**To do:**
Repeat the data that follows exactly, starting at the line with "NU'EST Keyring" and ending at the line with "Replica Barcelona Lounge", and leave out every picture.

**Extracted information:**
- - - -

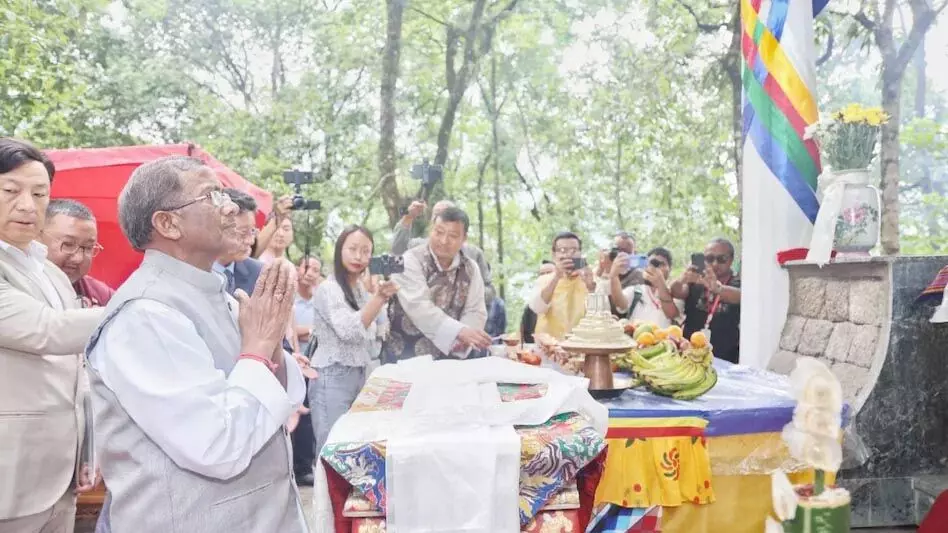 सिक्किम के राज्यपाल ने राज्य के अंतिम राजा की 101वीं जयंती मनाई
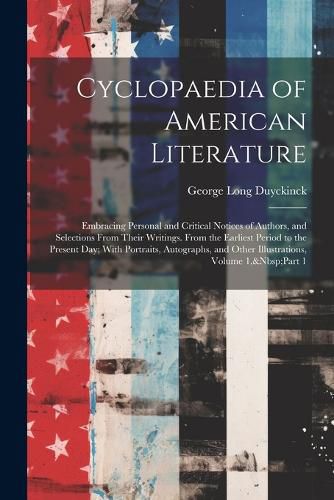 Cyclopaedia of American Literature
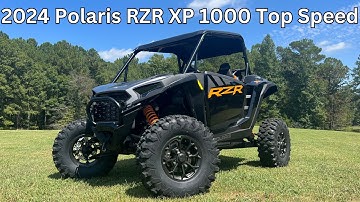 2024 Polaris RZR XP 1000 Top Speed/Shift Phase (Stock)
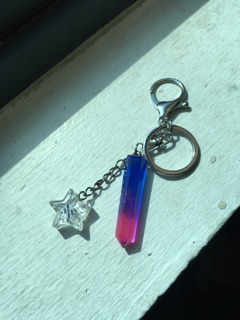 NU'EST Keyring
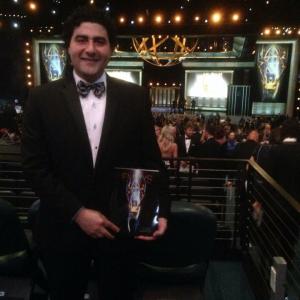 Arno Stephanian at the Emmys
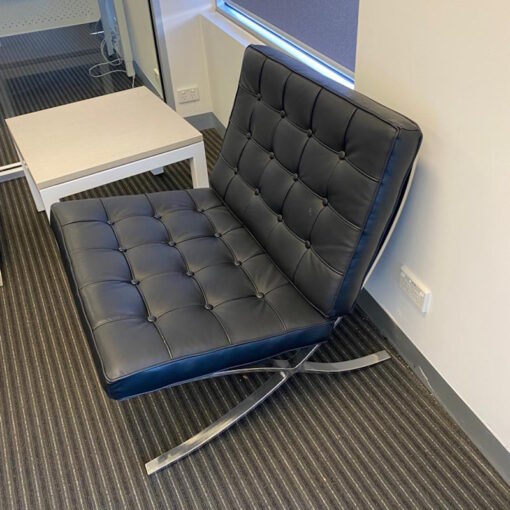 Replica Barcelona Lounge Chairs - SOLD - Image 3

- - - -

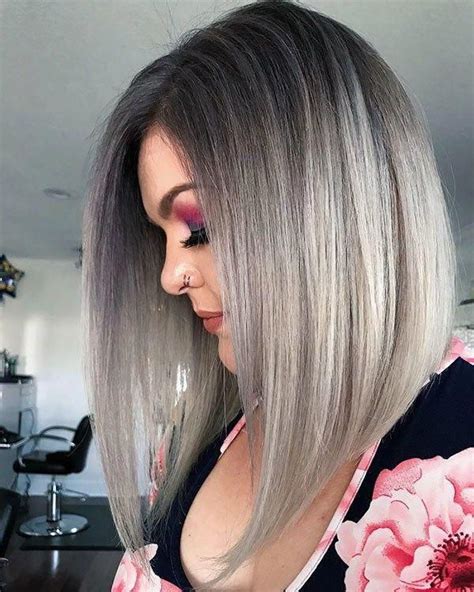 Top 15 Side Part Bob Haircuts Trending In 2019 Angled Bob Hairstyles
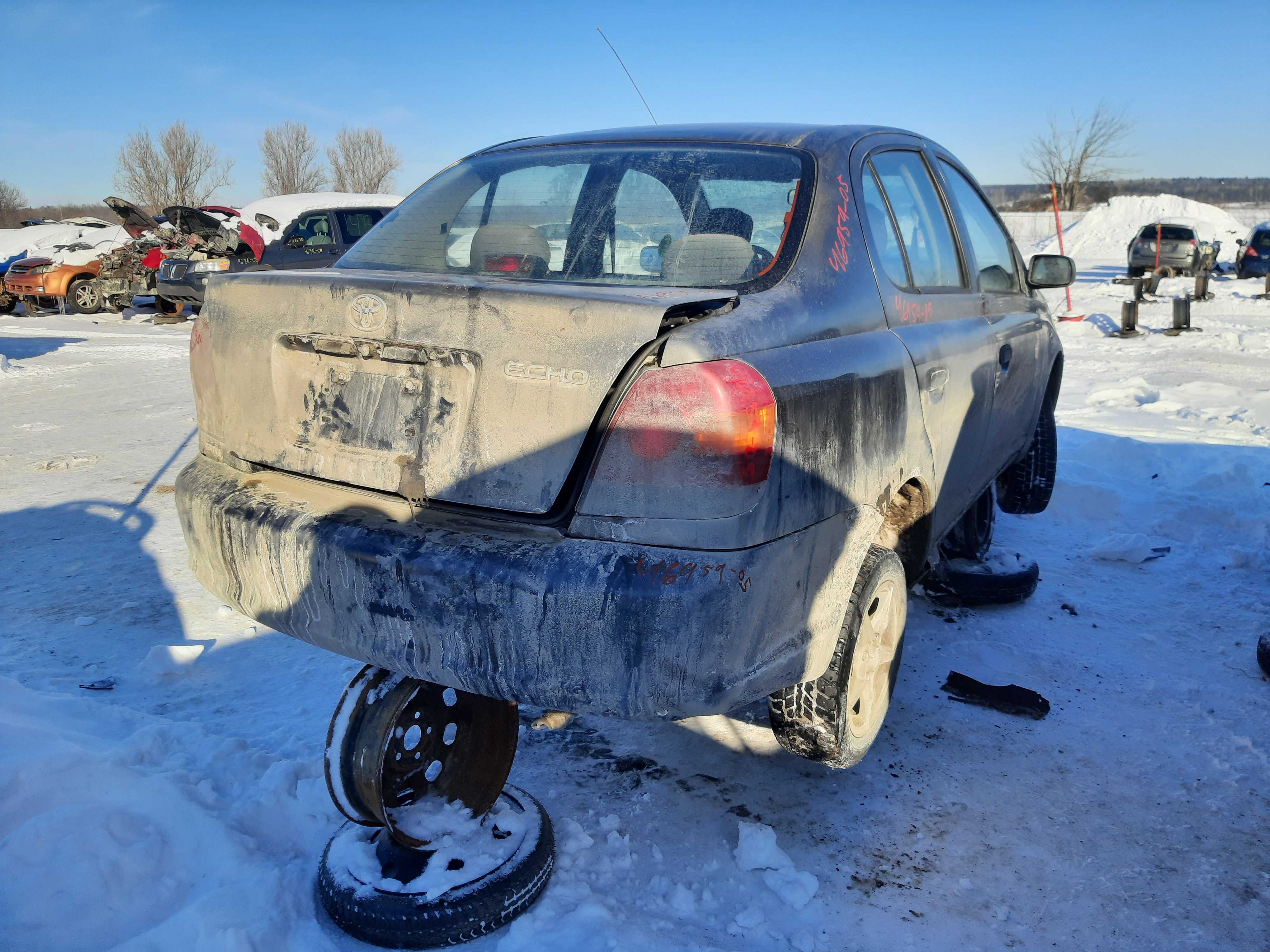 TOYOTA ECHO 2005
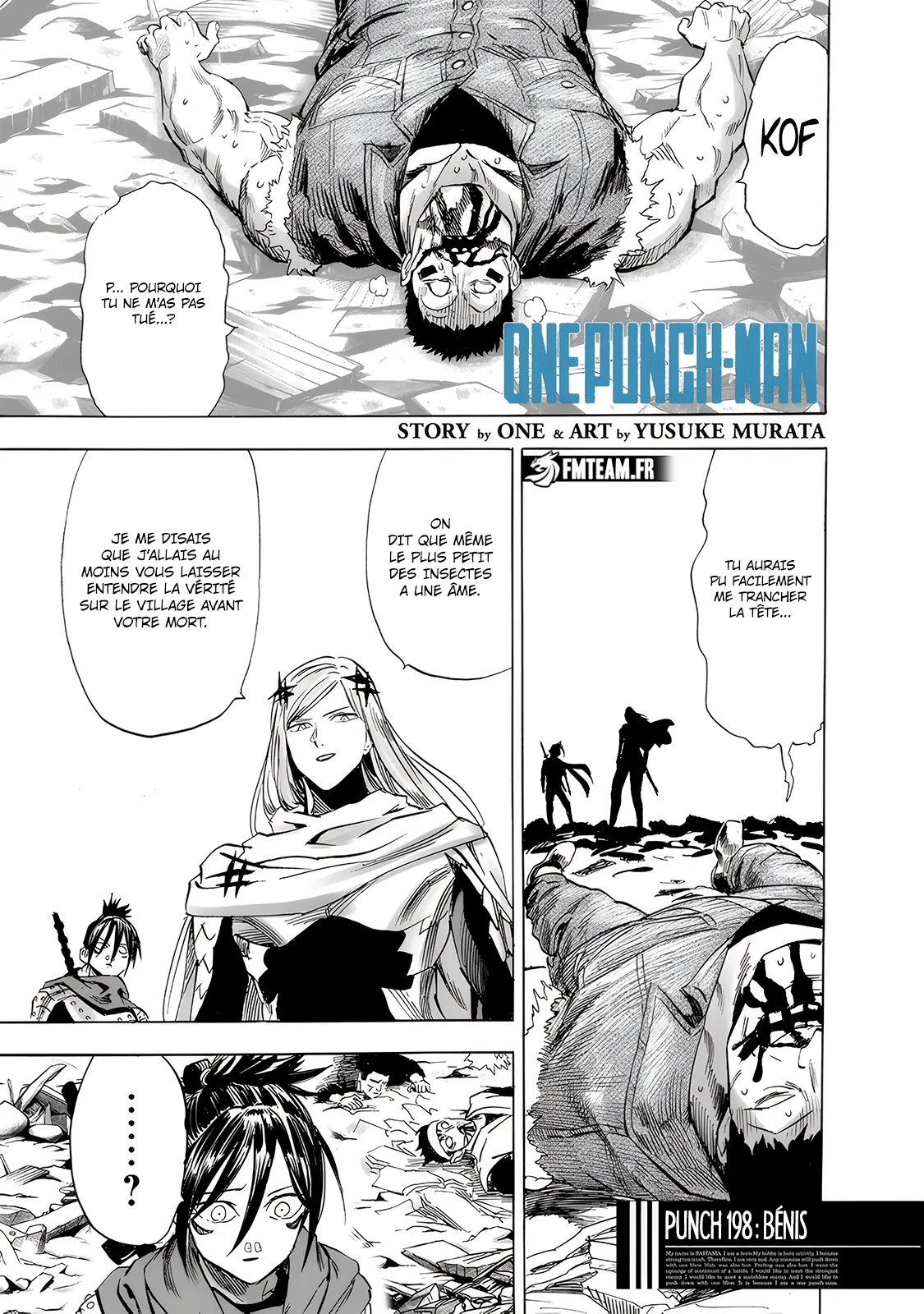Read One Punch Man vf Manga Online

- - - -

**Task output:**
 NU'EST Keyring
 Arno Stephanian at the Emmys
 Replica Barcelona Lounge Chairs - SOLD - Image 3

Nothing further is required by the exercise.